The two latter points will be addressed in due course. We’ll see what the team does to its roster when the transfer window opens in January, and we’ll hear more about the league’s plans on when to fully open stadiums as we progress in the first quarter of next year. (MLS Commissioner Don Garber spoke about the league’s 2021 start date at halftime of Saturday’s MLS Cup Final, and left room open for a delayed start after the league had recently announced it planned on it’s usual early March kickoff.)
For now, let’s bask in delight of the imminent arrival of Gabriel Heinze, and what his presence alone will mean for the club, it’s players, and the thousands of fans that are desperate to see Atlanta United back “at the right end of table,” as Eales put it.
Is Heinze still largely green as a manager? He is. Has he ever managed a team that expects to win trophies in its domestic league? Nope. There are certainly legitimate question marks surrounding Heinze, but no manager that Atlanta United would be able to secure was going to be without at least some uncertainty.
In Heinze, Atlanta United has a manager that checks as many boxes on the list of requirements as any. What makes him such an exciting hire is threefold:
- Heinze has a direct connection to Tata Martino, having played under the former Atlanta United manager in his last stint at Newell’s Old Boys in 2012-13. Heinze nearly played with Martino, as the youngster made his first senior appearances just one year after Martino left at the end of his playing career. And both, obviously, are Bielsistas. None of this necessarily means Heinze will come in and have immediate success — just as Martino didn’t. But it does mean Atlanta United will go back to its own footballing roots, playing an uptempo, aggressive, front-foot style that fans grew to love and immediately identify with.

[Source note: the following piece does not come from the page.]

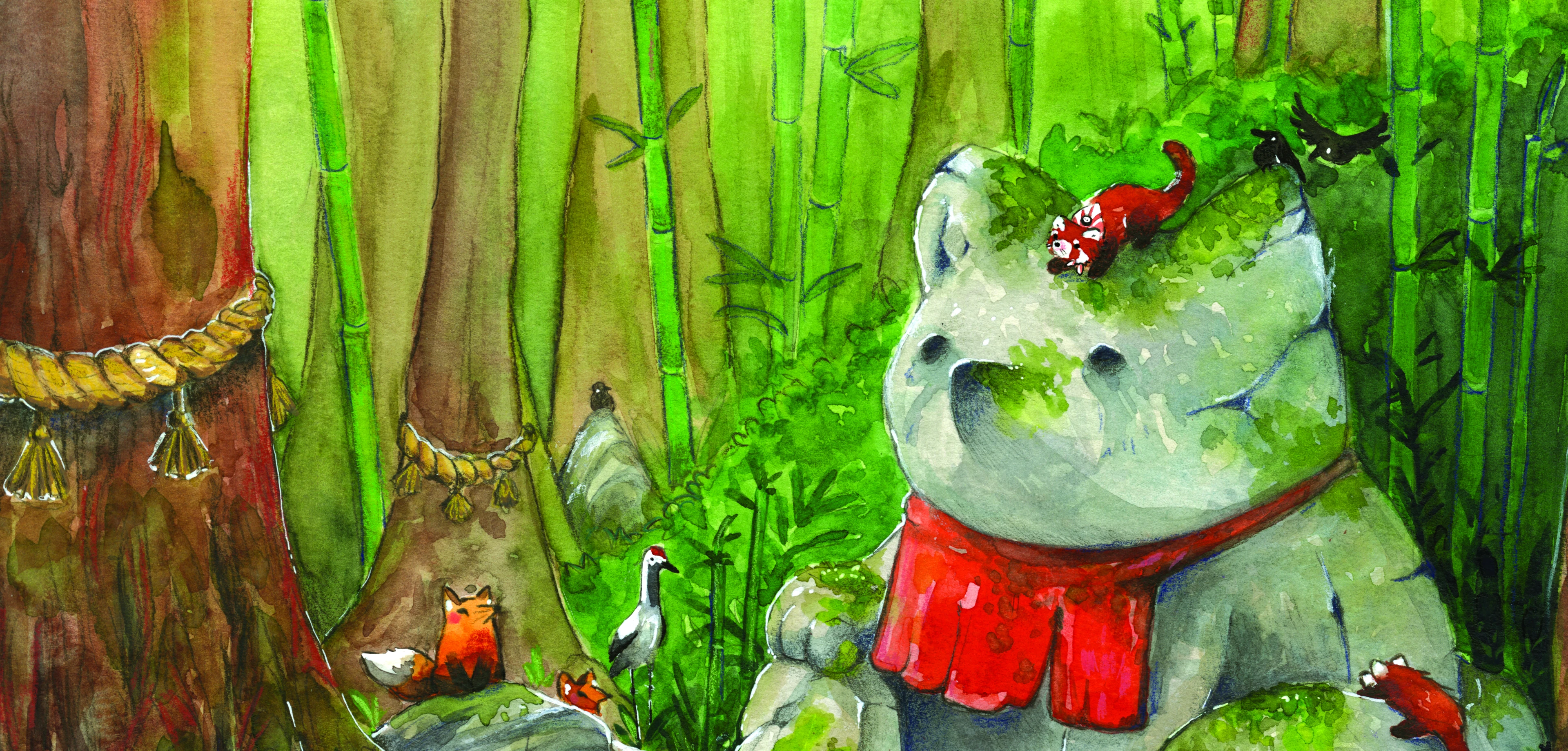 Édition 2021 du site Japan Impact au format Pocket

- From day one, Heinze will immediately command the respect of the dressing room in Atlanta and could be the inspirational/demanding figure that will help get the best out of players Atlanta needs to have success. Obviously this is the case for a player like Ezequiel Barco, who is yet to consistently produce the kind of end product that the team needs out of its designated players. But it’s also the case for several others, potentially, like Fernando Meza, Eric Remedi, Franco Escoabar and more. While Heinze’s legendary playing career isn’t of much direct significance in his role as manager, Atlanta’s Argentine contingent will have spent their lives growing up watching him play for the biggest clubs and representing their own country at World Cups. That carries weight. While Frank de Boer’s playing career was just as impressive — arguably even more so — Heinze’s culture and footballing philosophy will be something this group understands and will get behind. Which lead us nicely into:
- Heinze will be able to communicate exactly what he wants from each individual and will drill, drill, drill these guys on the training ground. While Tata Martino’s teams often appeared on the field at Mercedes-Benz Stadium like they were in total free flow, they were actually following a very rigid set of principals that they trained very thoroughly (sometimes so much that Tata got in trouble with the MLSPA). Under De Boer, it was almost the opposite — training much more often in large-group scrimmages with the idea that as long as the transition phases were sorted out, the players would use their natural creativity and skill in possession to carve up opponents. In the end, the group needed more clear, specific tactical instruction, and Heinze is exactly the kind of manager that will provide it.
Count me as one who is very excited to see where else this “relaunch” takes us.